Hello. I see you out there. You are hanging in. You have a tough job and I want to know that you are seen. I know you are struggling. The old joke about wishing they came with a manual was never more accurate than when they hit the teenage years. Whew. Potty training was a breeze in comparison.






I want to have a word with you about tough conversations.


I know we all wish that they would continue to listen to our word and our advice like it were the only possible options, ask no questions, and carry on knowing that they know all the answers because “My mom said so”. But alas no….that was swiped away from you like some backwards birthday gift that YOU got on their 13th birthday!

Your teens are trying to figure life out and they are getting influences and half truths (or no truths but stuff on their radar now) from school, social media, PG13 TV (not when I was 13…but times they are a changin’).


If your kids still think you are cool enough to ask you about some of these hard topics PLEASE don’t freak out in front of them. Freak out alone in your car parked 2 blocks away.


Seriously though. I know some of these topics make you uncomfortable. Either because they challenge your religious or moral compass, or because you honestly don’t know and don’t want to share that, because it makes you feels squirm inside and you would rather barf, or because you have NEVER talked about that on your own and were left to silently figure it out for yourself.
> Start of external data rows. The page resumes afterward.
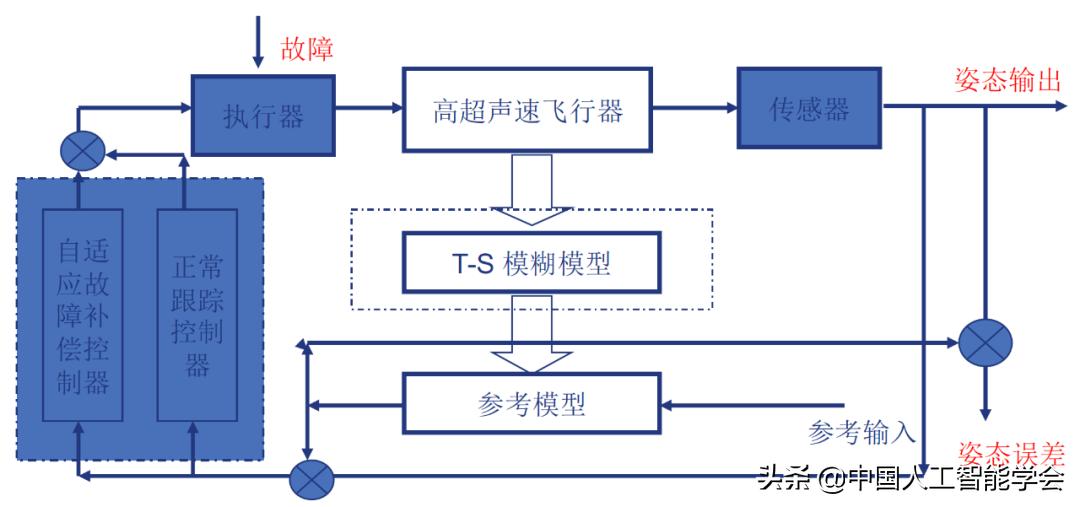高超声速飞行器质量,探索未来航空技术的核心要素,高超声速飞行器质量,未来航空技术的核心要素探索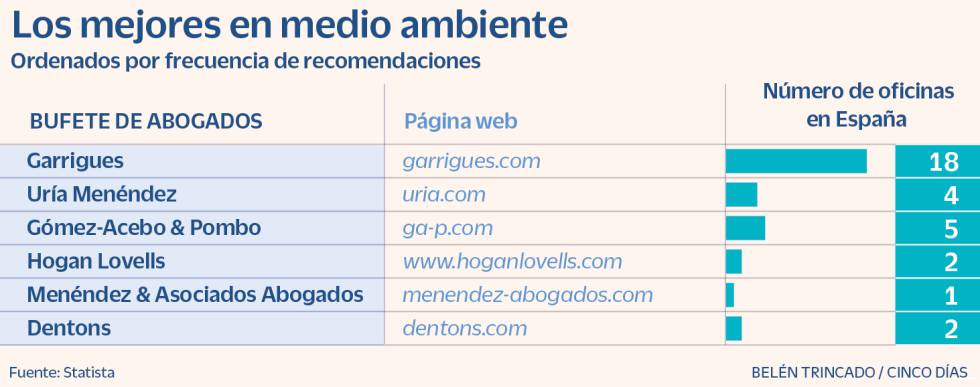 Medio ambiente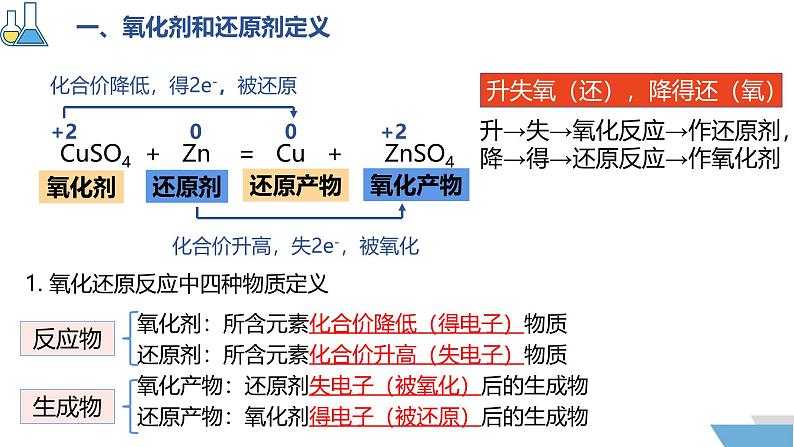 1.3.2 氧化剂和还原剂 课件2024-2025学年高一上学期化学人教版（2019）必修一第4页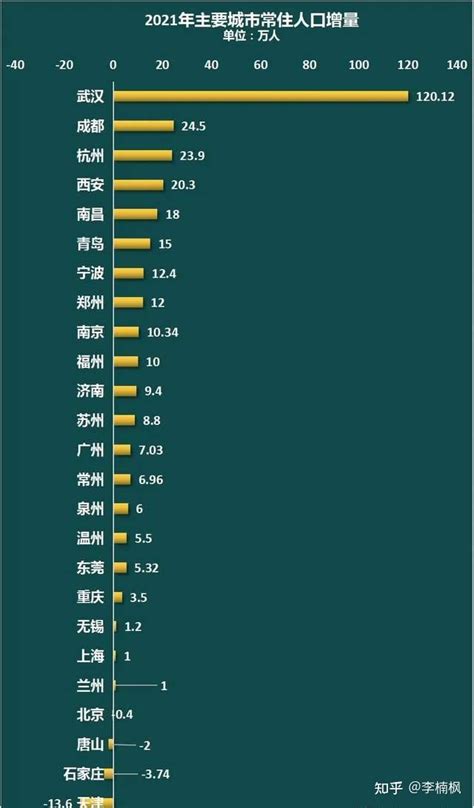 北上广深人口即将满额，上海仅剩 12 91 万「人口余额」，你还会去挤一线吗？还有哪些城市适合发展？ 知乎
TERRIFYING. I know. I see you.

Take a deep breath.
Acknowledge your fear.
Steel yourself just a little.
Go have a barf if you need to.
THEN DO IT ANYWAY!

Here is the hard truth.

If you choose not to have the hard conversations with you kids and they stop asking you, you did not just win the raising a teen without conflict award. There is no confetti coming your way. No oversized trophy being delivered to your door for you to proudly display in your front window to show all the other parents that you won the mother of all prizes. Sorry that is not how it goes.


Your kids will still seek answers. They just won’t ask you.

- They will ask friends or older siblings of their friends (wise and experienced they seem to be).

- They will ask the internet (because the internet only ever tells us the truth).

- They will not ask the questions and just resort to the trial and error method. (If this was your method of choice…let’s recall how smoothly that went)


I think we can agree that this is maybe not the path we want them to go down. It may be easier for us, but not healthier for them.


If they stop coming to you because when they tell you something you don’t want to hear, or want to have an uncomfortable conversation, you freak out, they will stop coming to you about lots of things.

That little crack between you will grow slowly into a chasm.

One day you will wake up and wonder why you don’t really know anything important about your kid.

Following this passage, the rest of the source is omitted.